Full list of numeric filters defined in jaq Zero-argument filters: - [x] `acos` - [x] `acosh` - [x] `asin` - [x] `asinh` - [x] `atan` - [x] `atanh` - [x] `cbrt` - [x] `cos` - [x] `cosh` - [x] `erf` - [x] `erfc` - [x] `exp` - [x] `exp10` - [x] `exp2` - [x] `expm1` - [x] `fabs` - [x] `frexp`, which returns pairs of (float, integer). - [x] `ilogb`, which returns integers. - [x] `j0` - [x] `j1` - [x] `lgamma` - [x] `log` - [x] `log10` - [x] `log1p` - [x] `log2` - [x] `logb` - [x] `modf`, which returns pairs of (float, float). - [x] `nearbyint` - [x] `pow10` - [x] `rint` - [x] `significand` - [x] `sin` - [x] `sinh` - [x] `sqrt` - [x] `tan` - [x] `tanh` - [x] `tgamma` - [x] `trunc` - [x] `y0` - [x] `y1` Two-argument filters that ignore `.`: - [x] `atan2` - [x] `copysign` - [x] `drem` - [x] `fdim` - [x] `fmax` - [x] `fmin` - [x] `fmod` - [x] `hypot` - [x] `jn`, which takes an integer as first argument. - [x] `ldexp`, which takes an integer as second argument. - [x] `nextafter` - [x] `nexttoward` - [x] `pow` - [x] `remainder` - [x] `scalb` - [x] `scalbln`, which takes as integer as second argument. - [x] `yn`, which takes an integer as first argument.

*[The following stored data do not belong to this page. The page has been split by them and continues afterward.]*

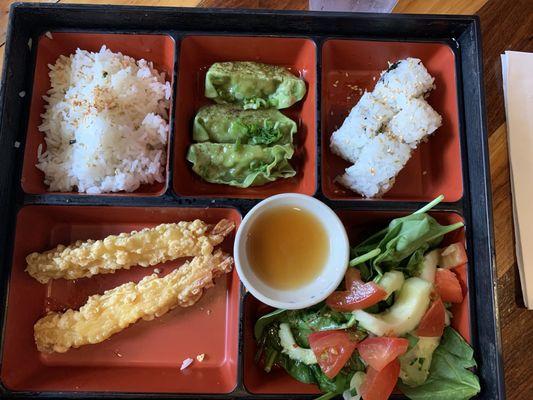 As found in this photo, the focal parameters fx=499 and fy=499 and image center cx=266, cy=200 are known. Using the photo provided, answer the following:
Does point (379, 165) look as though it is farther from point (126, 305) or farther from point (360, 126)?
point (126, 305)

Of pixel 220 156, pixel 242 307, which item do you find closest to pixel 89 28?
pixel 220 156

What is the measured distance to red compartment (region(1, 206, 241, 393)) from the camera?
190 centimetres

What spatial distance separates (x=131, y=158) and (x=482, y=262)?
1453 millimetres

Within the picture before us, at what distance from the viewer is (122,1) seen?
87.3 inches

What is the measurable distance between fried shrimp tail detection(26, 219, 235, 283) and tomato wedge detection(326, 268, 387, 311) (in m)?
0.50

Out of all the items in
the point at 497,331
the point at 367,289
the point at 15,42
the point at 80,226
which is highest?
the point at 15,42

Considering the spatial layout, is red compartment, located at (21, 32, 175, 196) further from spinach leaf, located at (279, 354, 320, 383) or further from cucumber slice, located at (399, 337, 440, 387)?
cucumber slice, located at (399, 337, 440, 387)

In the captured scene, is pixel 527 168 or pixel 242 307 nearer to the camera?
pixel 242 307

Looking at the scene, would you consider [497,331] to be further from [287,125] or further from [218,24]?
[218,24]

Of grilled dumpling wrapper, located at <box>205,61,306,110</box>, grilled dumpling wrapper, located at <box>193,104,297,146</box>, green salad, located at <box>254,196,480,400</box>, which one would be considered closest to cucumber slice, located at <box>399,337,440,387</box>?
green salad, located at <box>254,196,480,400</box>

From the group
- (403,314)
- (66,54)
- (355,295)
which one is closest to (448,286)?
(403,314)

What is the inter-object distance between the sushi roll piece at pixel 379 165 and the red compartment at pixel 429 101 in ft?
0.28

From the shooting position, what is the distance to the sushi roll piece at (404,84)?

Three-argument filters that ignore `.`: - [x] `fma`

Advanced features

jaq currently does not aim to support several features of jq, such as:

Differences between jq and jaq

Numbers

jq uses 64-bit floating-point numbers (floats) for any number. By contrast, jaq interprets numbers such as 0 or -42 as machine-sized integers and numbers such as 0.0 or 3e8 as 64-bit floats. Many operations in jaq, such as array indexing, check whether the passed numbers are indeed integer. The motivation behind this is to avoid rounding errors that may silently lead to wrong results. For example:

$ jq  -n '[0, 1, 2] | .[1.0000000000000001]'
1
$ jaq -n '[0, 1, 2] | .[1.0000000000000001]'
Error: cannot use 1.0 as integer
$ jaq -n '[0, 1, 2] | .[1]'
1

The rules of jaq are:

Examples:

$ jaq -n '1 + 2'
3
$ jaq -n '10 / 2'
5.0
$ jaq -n '1.0 + 2'
3.0

You can convert an integer to a floating-point number e.g. by adding 0.0, by multiplying with 1.0, or by dividing with 1. You can convert a floating-point number to an integer by round, floor, or ceil:

$ jaq -n '1.2 | [floor, round, ceil]'
[1, 1, 2]

NaN and infinity

In jq, division by 0 has some surprising properties; for example, 0 / 0 yields nan, whereas 0 as $n | $n / 0 yields an error. In jaq, n / 0 yields nan if n == 0, infinite if n > 0, and -infinite if n < 0. jaq's behaviour is closer to the IEEE standard for floating-point arithmetic (IEEE 754).

jaq implements a total ordering on floating-point numbers to allow sorting values. Therefore, it unfortunately has to enforce that nan == nan. (jq gets around this by enforcing nan < nan, which breaks basic laws about total orders.)

Like jq, jaq prints nan and infinite as null in JSON, because JSON does not support encoding these values as numbers.

Preservation of fractional numbers

jaq preserves fractional numbers coming from JSON data perfectly (as long as they are not used in some arithmetic operation), whereas jq 1.6 may silently convert to 64-bit floating-point numbers:

$ echo '1e500' | jq '.'
1.7976931348623157e+308
$ echo '1e500' | jaq '.'
1e500

Therefore, unlike jq 1.6, jaq satisfies the following paragraph in the jq manual:

An important point about the identity filter is that it guarantees to preserve the literal decimal representation of values. This is particularly important when dealing with numbers which can't be losslessly converted to an IEEE754 double precision representation.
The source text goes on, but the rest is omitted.